■ REQUIRED ACTION
Among the entries below, find the line with "It is now particles.js" and the line with "Welcome to another". Return exactly those lines and every line between them, but no pictures.

■ THE DATA
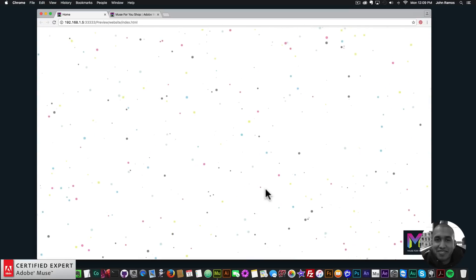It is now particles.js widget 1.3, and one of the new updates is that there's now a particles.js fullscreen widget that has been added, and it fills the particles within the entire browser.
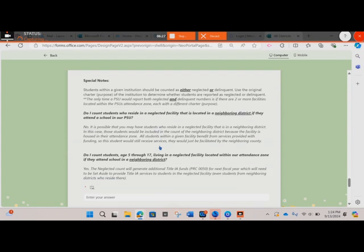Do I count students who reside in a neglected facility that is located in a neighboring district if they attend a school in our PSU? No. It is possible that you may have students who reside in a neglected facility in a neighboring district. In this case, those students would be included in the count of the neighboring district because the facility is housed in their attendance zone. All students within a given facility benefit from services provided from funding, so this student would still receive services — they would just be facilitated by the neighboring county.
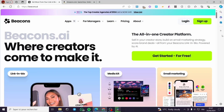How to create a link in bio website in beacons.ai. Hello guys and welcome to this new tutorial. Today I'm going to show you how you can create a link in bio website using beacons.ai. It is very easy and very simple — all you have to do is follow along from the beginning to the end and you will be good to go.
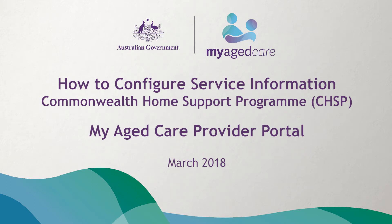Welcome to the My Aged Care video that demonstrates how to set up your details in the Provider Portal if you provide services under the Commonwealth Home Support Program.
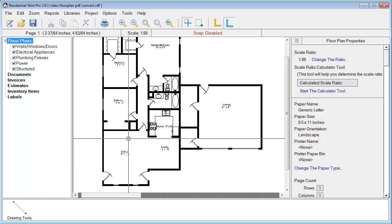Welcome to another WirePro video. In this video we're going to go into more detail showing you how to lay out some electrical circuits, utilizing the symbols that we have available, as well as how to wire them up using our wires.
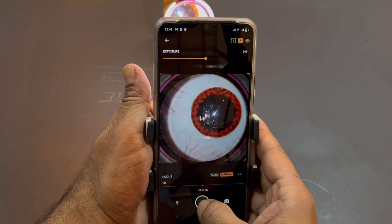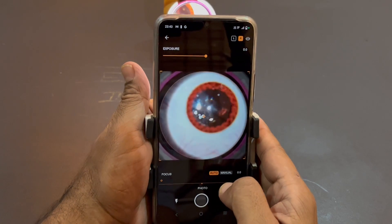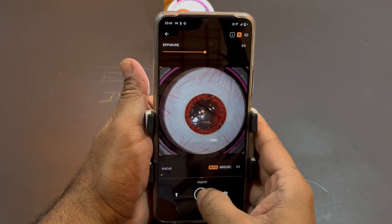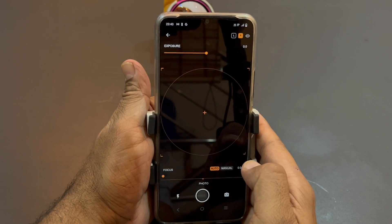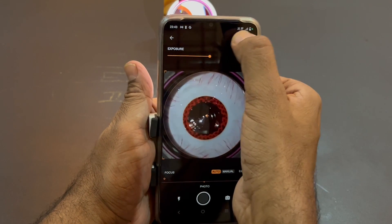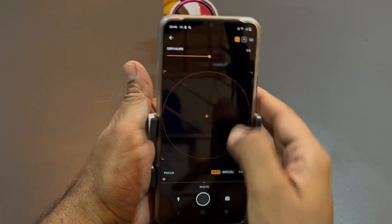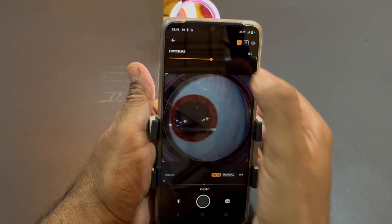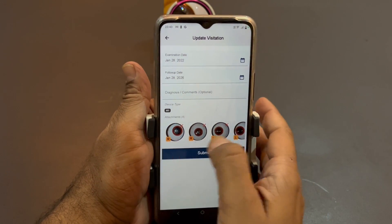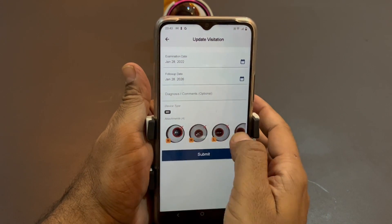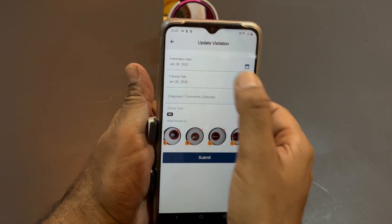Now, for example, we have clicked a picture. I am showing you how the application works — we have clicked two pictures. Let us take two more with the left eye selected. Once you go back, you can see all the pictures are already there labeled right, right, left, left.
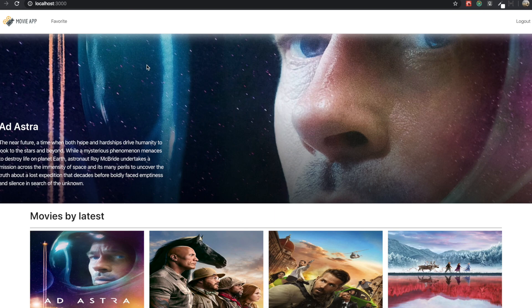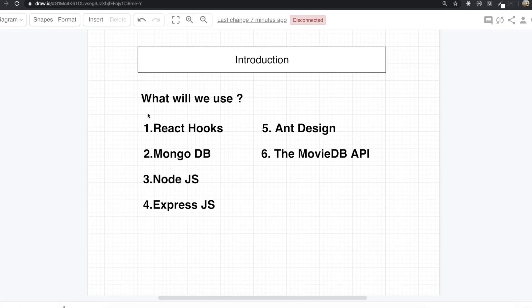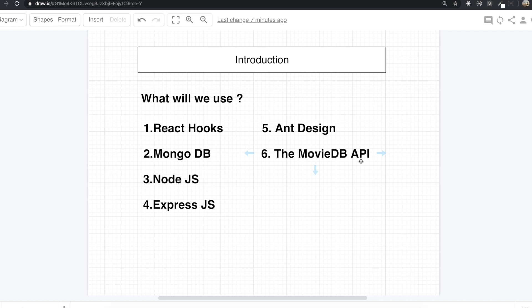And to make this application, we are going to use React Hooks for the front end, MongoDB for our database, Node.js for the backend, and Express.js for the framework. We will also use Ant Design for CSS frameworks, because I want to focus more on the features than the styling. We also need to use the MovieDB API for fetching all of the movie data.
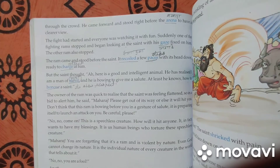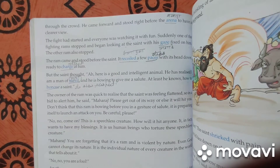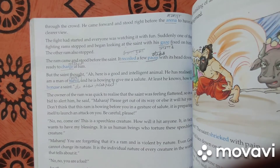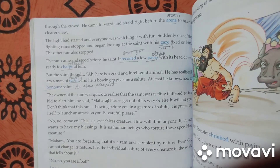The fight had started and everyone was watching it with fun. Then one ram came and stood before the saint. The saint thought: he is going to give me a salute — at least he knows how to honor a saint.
* * *
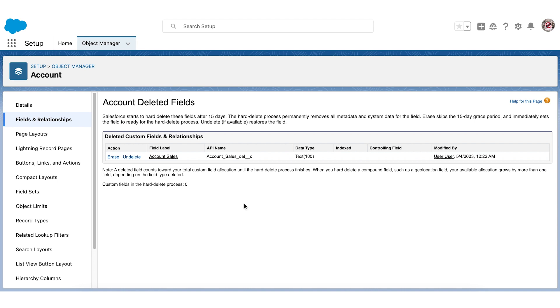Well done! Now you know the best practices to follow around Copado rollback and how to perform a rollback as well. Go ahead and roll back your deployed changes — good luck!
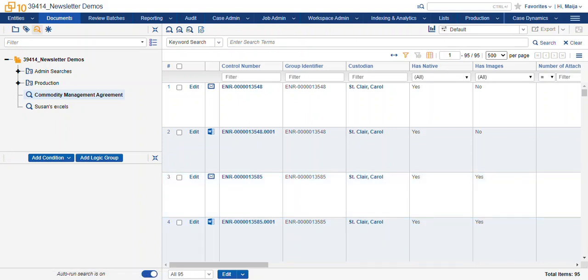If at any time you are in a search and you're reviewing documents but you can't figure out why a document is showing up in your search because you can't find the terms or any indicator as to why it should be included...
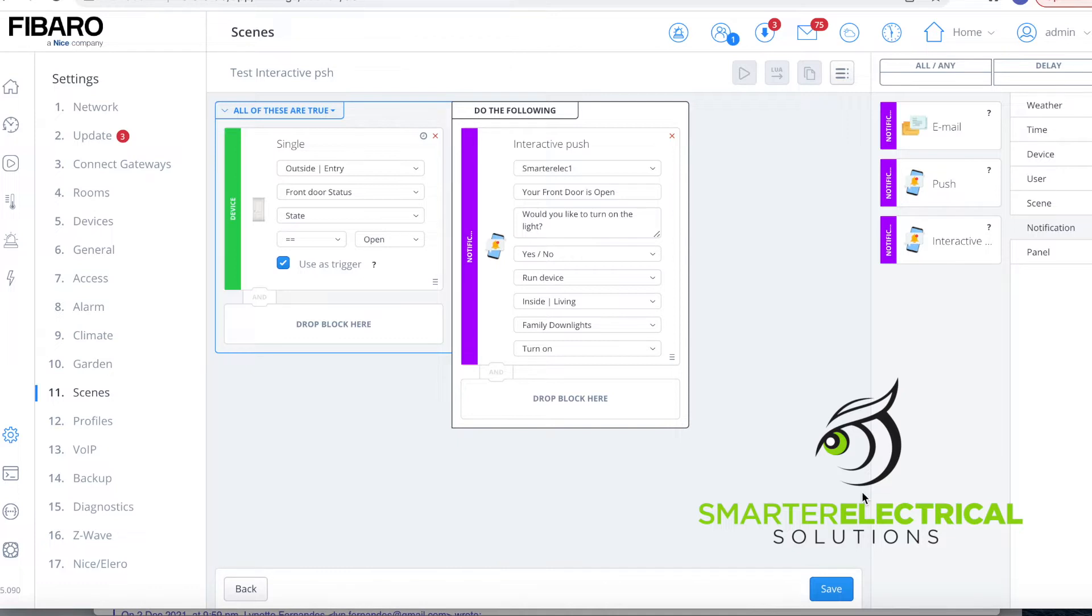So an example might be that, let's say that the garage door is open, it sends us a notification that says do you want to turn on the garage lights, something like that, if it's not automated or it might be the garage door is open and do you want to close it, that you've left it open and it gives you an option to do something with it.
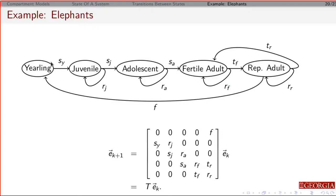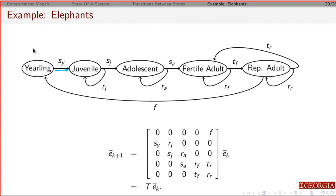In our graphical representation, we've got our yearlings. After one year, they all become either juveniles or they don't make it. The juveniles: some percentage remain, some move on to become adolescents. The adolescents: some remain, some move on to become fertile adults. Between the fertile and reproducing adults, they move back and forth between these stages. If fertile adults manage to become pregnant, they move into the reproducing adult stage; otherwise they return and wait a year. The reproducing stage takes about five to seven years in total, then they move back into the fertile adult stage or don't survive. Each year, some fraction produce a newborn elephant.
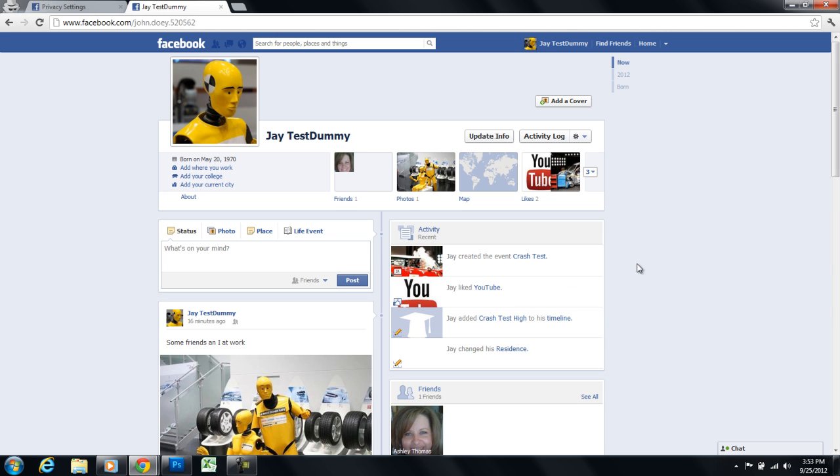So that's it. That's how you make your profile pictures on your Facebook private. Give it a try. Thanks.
...
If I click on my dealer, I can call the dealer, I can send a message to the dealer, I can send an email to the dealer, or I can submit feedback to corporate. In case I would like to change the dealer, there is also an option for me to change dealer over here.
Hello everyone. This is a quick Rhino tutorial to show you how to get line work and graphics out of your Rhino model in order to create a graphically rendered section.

■ SOLUTION TO THIS PROBLEM
It is now particles.js widget 1.3, and one of the new updates is that there's now a particles.js fullscreen widget that has been added, and it fills the particles within the entire browser.
Do I count students who reside in a neglected facility that is located in a neighboring district if they attend a school in our PSU? No. It is possible that you may have students who reside in a neglected facility in a neighboring district. In this case, those students would be included in the count of the neighboring district because the facility is housed in their attendance zone. All students within a given facility benefit from services provided from funding, so this student would still receive services — they would just be facilitated by the neighboring county.
How to create a link in bio website in beacons.ai. Hello guys and welcome to this new tutorial. Today I'm going to show you how you can create a link in bio website using beacons.ai. It is very easy and very simple — all you have to do is follow along from the beginning to the end and you will be good to go.
Welcome to the My Aged Care video that demonstrates how to set up your details in the Provider Portal if you provide services under the Commonwealth Home Support Program.
Welcome to another WirePro video. In this video we're going to go into more detail showing you how to lay out some electrical circuits, utilizing the symbols that we have available, as well as how to wire them up using our wires.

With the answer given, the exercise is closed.